§ **GOAL OF THE EXERCISE**: Return every entry exactly as written.

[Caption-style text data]

▬▬▬▬▬▬

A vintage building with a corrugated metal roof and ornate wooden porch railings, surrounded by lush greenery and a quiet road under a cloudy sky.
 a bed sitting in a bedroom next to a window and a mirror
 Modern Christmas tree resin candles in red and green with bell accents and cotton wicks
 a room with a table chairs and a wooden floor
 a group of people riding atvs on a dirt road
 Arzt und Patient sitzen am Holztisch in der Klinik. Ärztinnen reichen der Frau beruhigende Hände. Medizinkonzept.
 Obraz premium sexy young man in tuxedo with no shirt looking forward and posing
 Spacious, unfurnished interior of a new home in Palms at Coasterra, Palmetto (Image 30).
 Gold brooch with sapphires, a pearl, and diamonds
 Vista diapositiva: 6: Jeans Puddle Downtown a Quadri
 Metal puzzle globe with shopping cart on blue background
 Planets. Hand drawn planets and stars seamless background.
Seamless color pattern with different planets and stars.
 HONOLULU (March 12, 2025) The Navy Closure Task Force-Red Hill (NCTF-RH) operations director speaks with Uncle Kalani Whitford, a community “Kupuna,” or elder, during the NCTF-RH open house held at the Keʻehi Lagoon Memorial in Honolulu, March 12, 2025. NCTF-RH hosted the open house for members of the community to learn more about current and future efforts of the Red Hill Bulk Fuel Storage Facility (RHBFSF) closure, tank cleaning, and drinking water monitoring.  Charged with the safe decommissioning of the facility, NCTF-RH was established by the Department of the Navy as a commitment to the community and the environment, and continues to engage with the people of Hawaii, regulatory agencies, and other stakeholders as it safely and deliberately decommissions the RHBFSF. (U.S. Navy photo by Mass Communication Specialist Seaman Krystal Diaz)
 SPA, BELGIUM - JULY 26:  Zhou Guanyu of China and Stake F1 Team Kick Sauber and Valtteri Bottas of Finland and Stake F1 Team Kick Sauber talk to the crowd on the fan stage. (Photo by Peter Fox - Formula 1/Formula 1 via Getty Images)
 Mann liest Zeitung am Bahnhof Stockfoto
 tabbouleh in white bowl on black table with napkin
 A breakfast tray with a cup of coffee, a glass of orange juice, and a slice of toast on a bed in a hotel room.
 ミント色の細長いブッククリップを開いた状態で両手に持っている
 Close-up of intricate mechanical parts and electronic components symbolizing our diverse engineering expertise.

▬▬▬▬▬▬

§ **FINISHED TASK**:
A vintage building with a corrugated metal roof and ornate wooden porch railings, surrounded by lush greenery and a quiet road under a cloudy sky.
 a bed sitting in a bedroom next to a window and a mirror
 Modern Christmas tree resin candles in red and green with bell accents and cotton wicks
 a room with a table chairs and a wooden floor
 a group of people riding atvs on a dirt road
 Arzt und Patient sitzen am Holztisch in der Klinik. Ärztinnen reichen der Frau beruhigende Hände. Medizinkonzept.
 Obraz premium sexy young man in tuxedo with no shirt looking forward and posing
 Spacious, unfurnished interior of a new home in Palms at Coasterra, Palmetto (Image 30).
 Gold brooch with sapphires, a pearl, and diamonds
 Vista diapositiva: 6: Jeans Puddle Downtown a Quadri
 Metal puzzle globe with shopping cart on blue background
 Planets. Hand drawn planets and stars seamless background.
Seamless color pattern with different planets and stars.
 HONOLULU (March 12, 2025) The Navy Closure Task Force-Red Hill (NCTF-RH) operations director speaks with Uncle Kalani Whitford, a community “Kupuna,” or elder, during the NCTF-RH open house held at the Keʻehi Lagoon Memorial in Honolulu, March 12, 2025. NCTF-RH hosted the open house for members of the community to learn more about current and future efforts of the Red Hill Bulk Fuel Storage Facility (RHBFSF) closure, tank cleaning, and drinking water monitoring.  Charged with the safe decommissioning of the facility, NCTF-RH was established by the Department of the Navy as a commitment to the community and the environment, and continues to engage with the people of Hawaii, regulatory agencies, and other stakeholders as it safely and deliberately decommissions the RHBFSF. (U.S. Navy photo by Mass Communication Specialist Seaman Krystal Diaz)
 SPA, BELGIUM - JULY 26:  Zhou Guanyu of China and Stake F1 Team Kick Sauber and Valtteri Bottas of Finland and Stake F1 Team Kick Sauber talk to the crowd on the fan stage. (Photo by Peter Fox - Formula 1/Formula 1 via Getty Images)
 Mann liest Zeitung am Bahnhof Stockfoto
 tabbouleh in white bowl on black table with napkin
 A breakfast tray with a cup of coffee, a glass of orange juice, and a slice of toast on a bed in a hotel room.
 ミント色の細長いブッククリップを開いた状態で両手に持っている
 Close-up of intricate mechanical parts and electronic components symbolizing our diverse engineering expertise.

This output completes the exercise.